• _DATASET EXTRACT_:
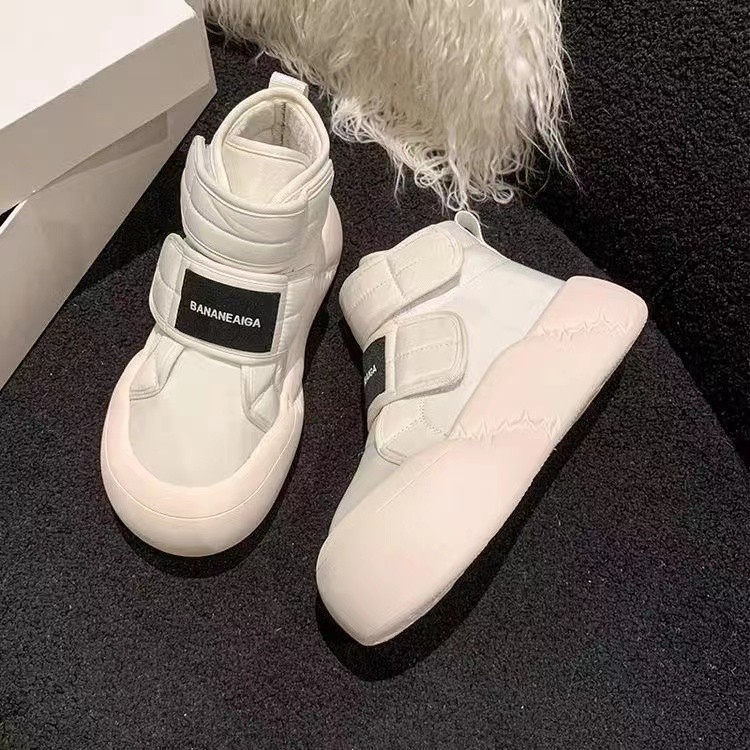 爆款厚底面包棉鞋女2023年冬季加绒魔术贴厚底防滑耐磨圆头雪地靴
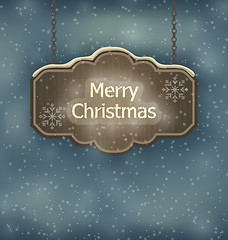 Image showing Merry Christmas wooden board, night holiday background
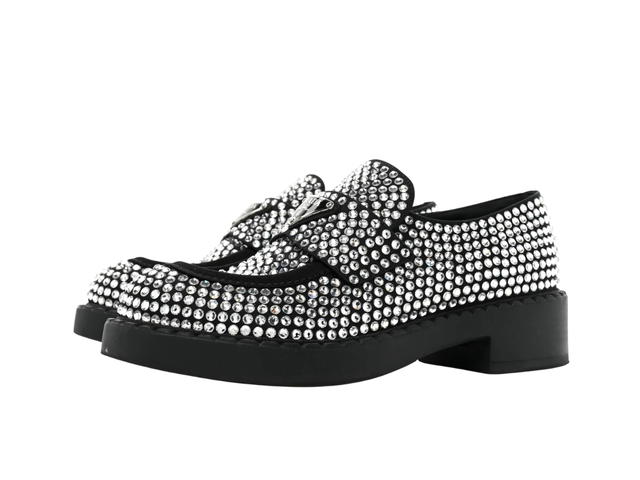 Prada Prada Satin Crystal Metal Triangle Logo Crystal Black  (W) - view 2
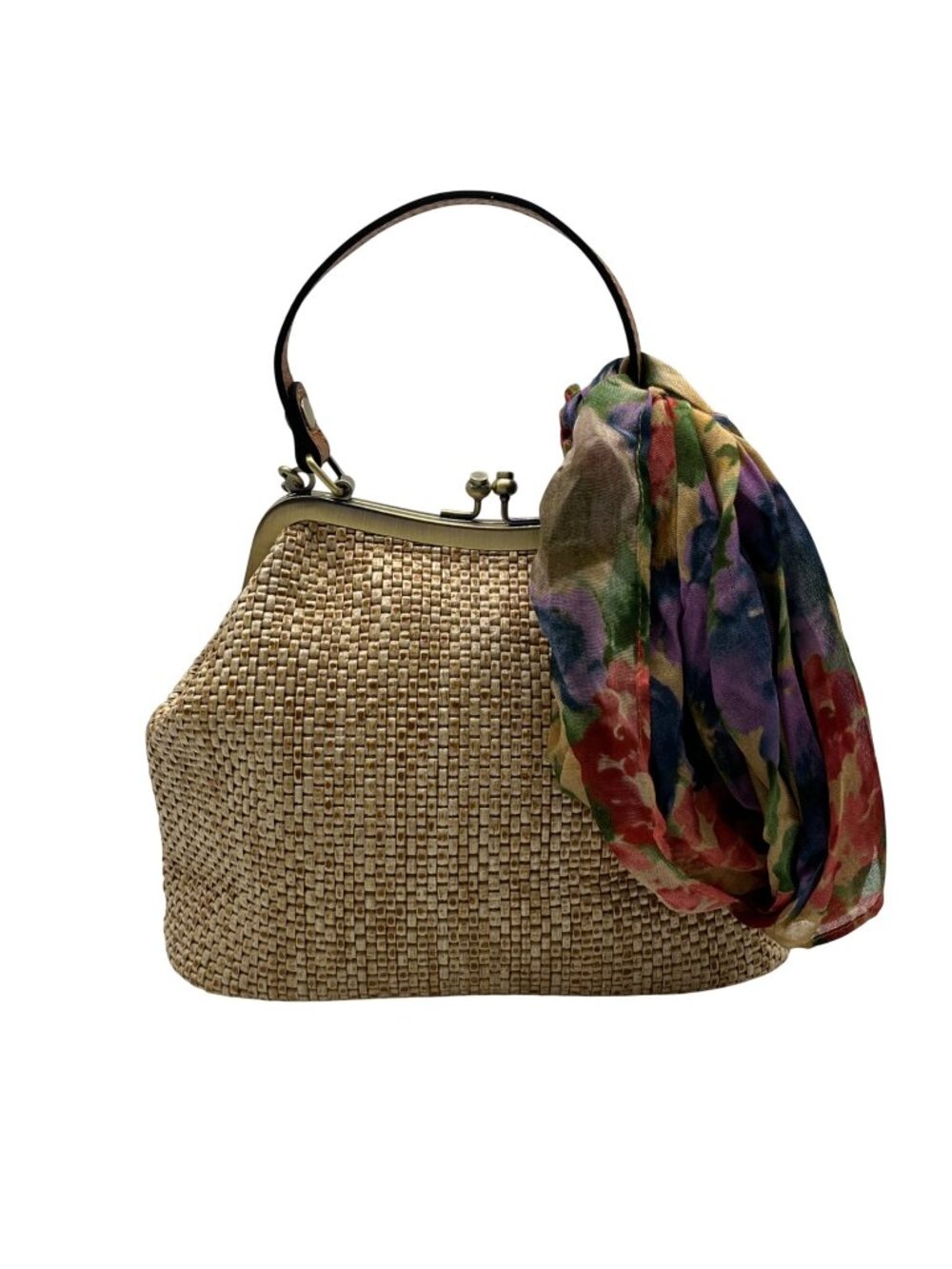 Patricia Nash Straw Tan Laureana Frame Satchel Bag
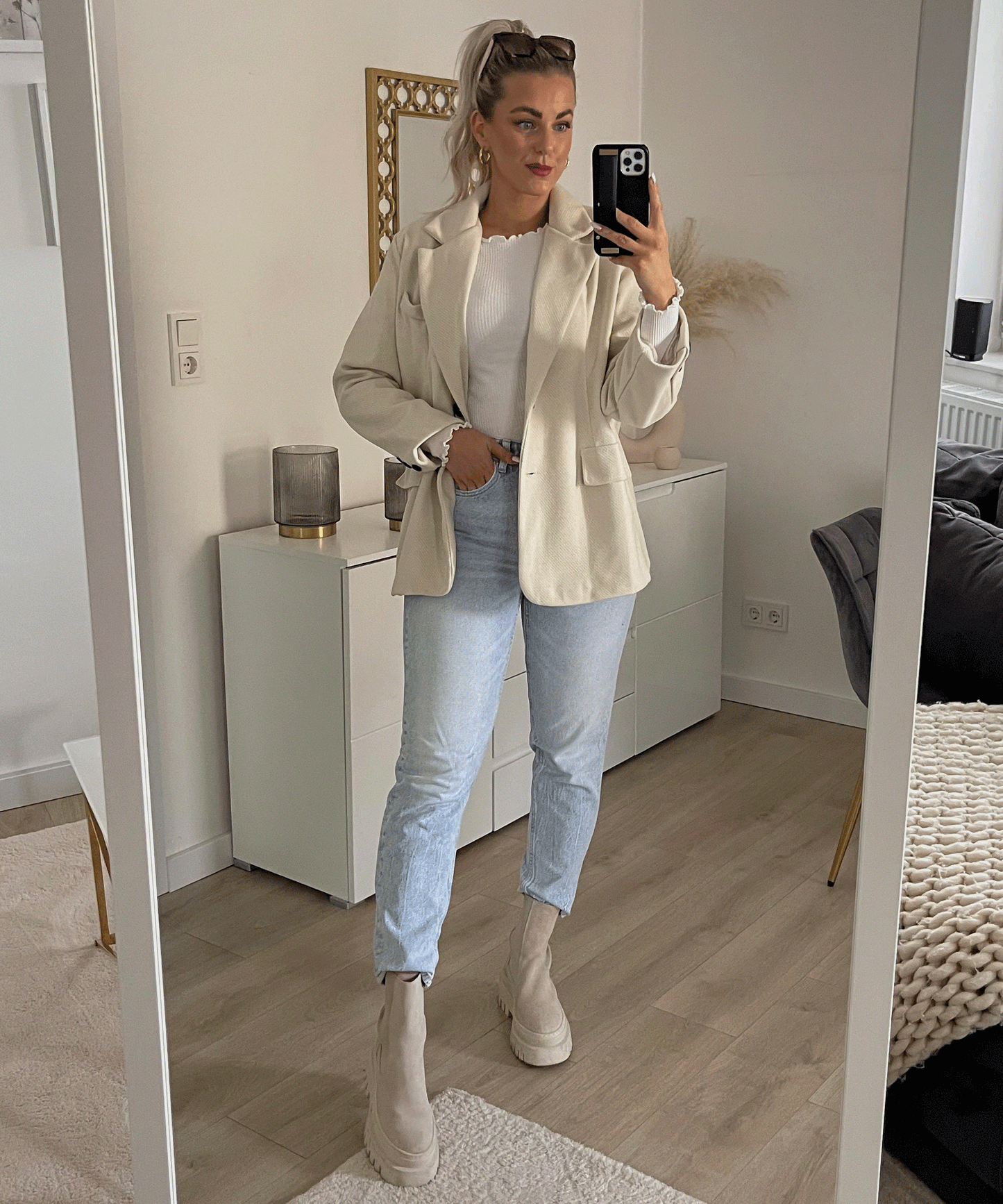 Belmira - Blazer Oversize Beige Élégant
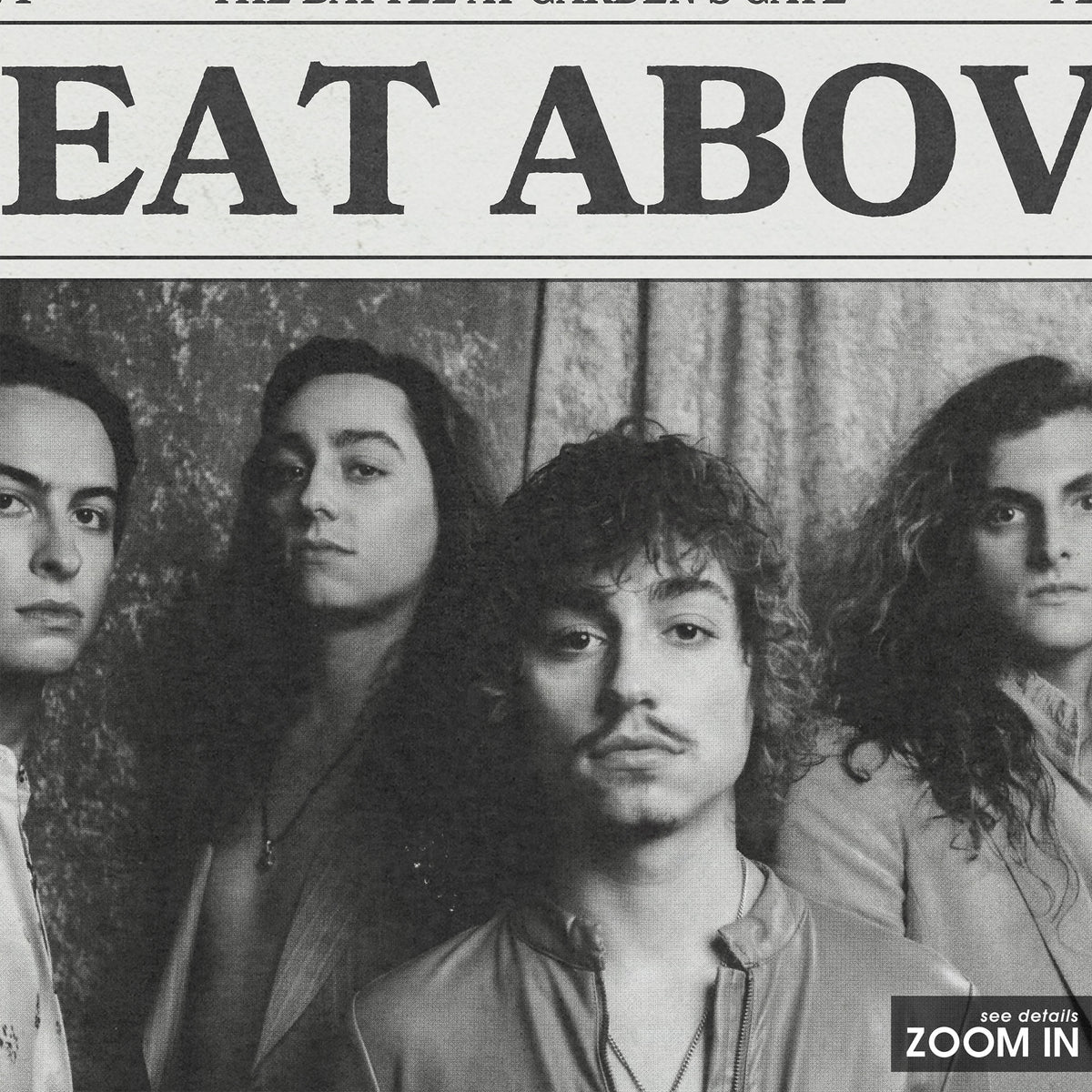 Greta Van Fleet Heat Above newspaper poster — close-up detail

• _WORK REQUIRED_:
Return every entry from the listing above exactly as it stands, leaving out any picture.

• _TASK OUTPUT_:
 爆款厚底面包棉鞋女2023年冬季加绒魔术贴厚底防滑耐磨圆头雪地靴
 Image showing Merry Christmas wooden board, night holiday background
 Prada Prada Satin Crystal Metal Triangle Logo Crystal Black  (W) - view 2
 Patricia Nash Straw Tan Laureana Frame Satchel Bag
 Belmira - Blazer Oversize Beige Élégant
 Greta Van Fleet Heat Above newspaper poster — close-up detail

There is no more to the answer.